**Exercise directions:** The word "Photo" occurs in some lines of the data. Return each such line.

**Records provided:**
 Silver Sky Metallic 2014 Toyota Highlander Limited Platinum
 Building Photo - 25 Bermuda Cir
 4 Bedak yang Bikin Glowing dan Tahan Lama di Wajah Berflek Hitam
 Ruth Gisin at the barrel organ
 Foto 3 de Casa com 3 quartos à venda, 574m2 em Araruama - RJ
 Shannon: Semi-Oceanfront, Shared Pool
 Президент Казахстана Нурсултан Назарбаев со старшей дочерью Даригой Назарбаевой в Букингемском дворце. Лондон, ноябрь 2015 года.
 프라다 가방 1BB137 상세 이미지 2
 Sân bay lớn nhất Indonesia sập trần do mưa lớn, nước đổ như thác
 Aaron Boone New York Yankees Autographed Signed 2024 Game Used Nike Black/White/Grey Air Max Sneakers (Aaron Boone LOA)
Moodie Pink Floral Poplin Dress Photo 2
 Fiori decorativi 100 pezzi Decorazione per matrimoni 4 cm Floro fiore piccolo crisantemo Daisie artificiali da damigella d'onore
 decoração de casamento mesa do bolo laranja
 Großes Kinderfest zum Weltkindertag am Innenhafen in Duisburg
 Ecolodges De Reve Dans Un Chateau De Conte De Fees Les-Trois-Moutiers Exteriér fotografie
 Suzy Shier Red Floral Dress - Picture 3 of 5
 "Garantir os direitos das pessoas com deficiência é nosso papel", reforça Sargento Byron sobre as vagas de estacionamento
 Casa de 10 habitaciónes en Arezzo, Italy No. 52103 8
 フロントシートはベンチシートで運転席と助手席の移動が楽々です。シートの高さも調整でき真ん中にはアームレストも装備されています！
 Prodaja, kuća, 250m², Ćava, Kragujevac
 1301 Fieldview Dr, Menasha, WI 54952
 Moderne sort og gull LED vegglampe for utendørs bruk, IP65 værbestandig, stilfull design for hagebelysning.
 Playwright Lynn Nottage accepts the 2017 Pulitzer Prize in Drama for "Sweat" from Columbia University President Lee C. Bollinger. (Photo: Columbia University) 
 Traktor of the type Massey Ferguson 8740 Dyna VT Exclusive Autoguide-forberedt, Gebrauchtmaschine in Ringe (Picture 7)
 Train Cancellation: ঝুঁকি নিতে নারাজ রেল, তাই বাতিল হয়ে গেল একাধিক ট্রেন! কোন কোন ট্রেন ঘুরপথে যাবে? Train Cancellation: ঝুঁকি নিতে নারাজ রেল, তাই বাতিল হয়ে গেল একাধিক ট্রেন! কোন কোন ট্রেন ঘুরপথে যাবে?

**Written solution:**
 Building Photo - 25 Bermuda Cir
Moodie Pink Floral Poplin Dress Photo 2
 Playwright Lynn Nottage accepts the 2017 Pulitzer Prize in Drama for "Sweat" from Columbia University President Lee C. Bollinger. (Photo: Columbia University) 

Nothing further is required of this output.